Both information and computation are concepts and phenomena still intensely researched from the multitude of perspectives. In order to be able to meaningfully model the universe as a computational network, the model of computation must be adequate. When it comes to generalization of the idea of computation, there are several confusions. The recurrent one is about the relationship between the universe and the computer. It must be emphasized that the universe is not equivalent to a PC in any interesting way and when we talk about computing universe, the notion of computation must be generalized to be able to reflect the richness of phenomena found in nature. The attempt to represent vastly complex systems comprising a huge number of different organizational levels by a Turing machine model is inadequate, and indeed presents too powerful a metaphor, as already noticed by critics [6]. Among typical criticisms of naturalist computationalism are those grounded in the belief that computationalism necessarily implies digital (discrete) computation. Of course if the computing system is continuous then computation should be continuous at least on some level of abstraction. The continuous/discrete and analog/digital are interesting questions with deep consequences and there has been no consensus on this topic in the scientific community to date [7]. Some would claim that space-time can be discretized without loss of explanatory power, while the others argue that discretization necessarily breaks symmetry in such a fundamental way that Lorentz invariance is lost. The article presents some of the questions about the nature of computation in terms of discrete/continuum and analog/digital dichotomies and answers criticisms regarding the ability of computational models to adequately represent the dynamics of physical systems.

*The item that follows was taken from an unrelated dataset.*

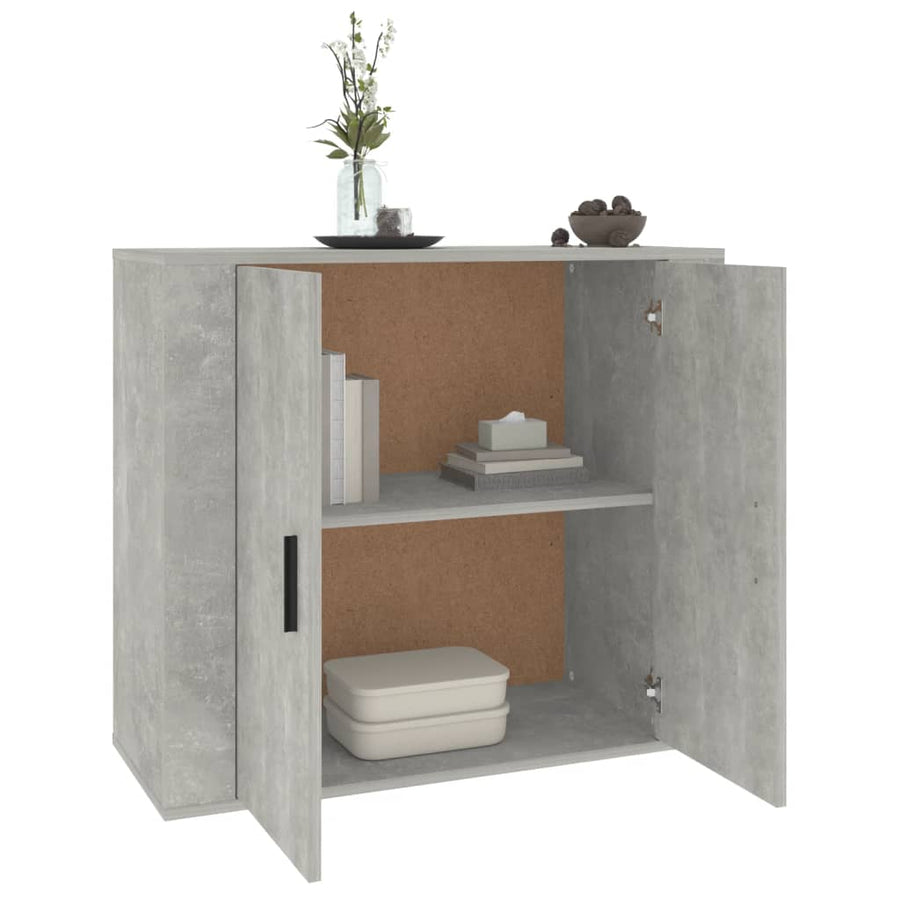 Dressoir 80X33X70 Cm Bewerkt Hout Betongrijs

2. Different Approaches to the Dynamics of Information

Van Benthem and Adriaans [8] define several dynamic information stances: the logical stance (dynamics of information update), the Shannon view (dynamics of information communication/transmission), and the Kolmogorov view (dynamics of encoding and decoding). Processes considered representing information dynamics are: questions and answers (Kamp and Stokhof), observations (Baltag, van Ditmarsch and Moss), communication (Devlin and Rozenberg), learning (Adriaans, Kelly), belief revision (Rott), inference (van Benthem and Martinez), game-theoretic interactions (Walliser) and computation (Abramsky). Which of them will be in focus depends on what aspect of information dynamics we are interested in.

The early developments of the field of dynamic of information such as seminal work of Dretske [9] (information flow as linguistic regularities) and Barwise and Seligman [10] (informational relation between situations) are described in [8], as well as [11] and [12]. Information was considered to be a building block of knowledge and thus supposed to always be true. For Dretske, even though false information contains no information at all, it still can have a meaning. Burgin on the other hand argues in [11] (Sections 2.4 and 2.5) that both false information and false knowledge should be taken into account and studied as real-world phenomena in knowledge production. He also points out that information comes in degrees and it is often fuzzy, all of which must be accounted for in modeling of information dynamics.

Depending on the understanding of information, different types of information dynamics are defined by Floridi [13] as: “(i) the constitution and modeling of information environments, including their systemic properties, forms of interaction, internal developments, applications, etc.; (ii) information life cycles, i.e., the series of various stages in form and functional activity through which information can pass, from its initial occurrence to its final utilization and possible disappearance; and (iii) computation, both in the Turing-machine sense of algorithmic processing, and in the wider sense of information processing. This is a crucial specification. Although a very old concept, information has finally acquired the nature of a primary phenomenon only thanks to the sciences and technologies of computation and ICT (Information and Communication Technologies). Computation has therefore attracted much philosophical attention in recent years”.

The first two types of the dynamics of information refer to the classical notion of information as constituent of knowledge. Information processing is a more general type of dynamics and can be applied to any type of information.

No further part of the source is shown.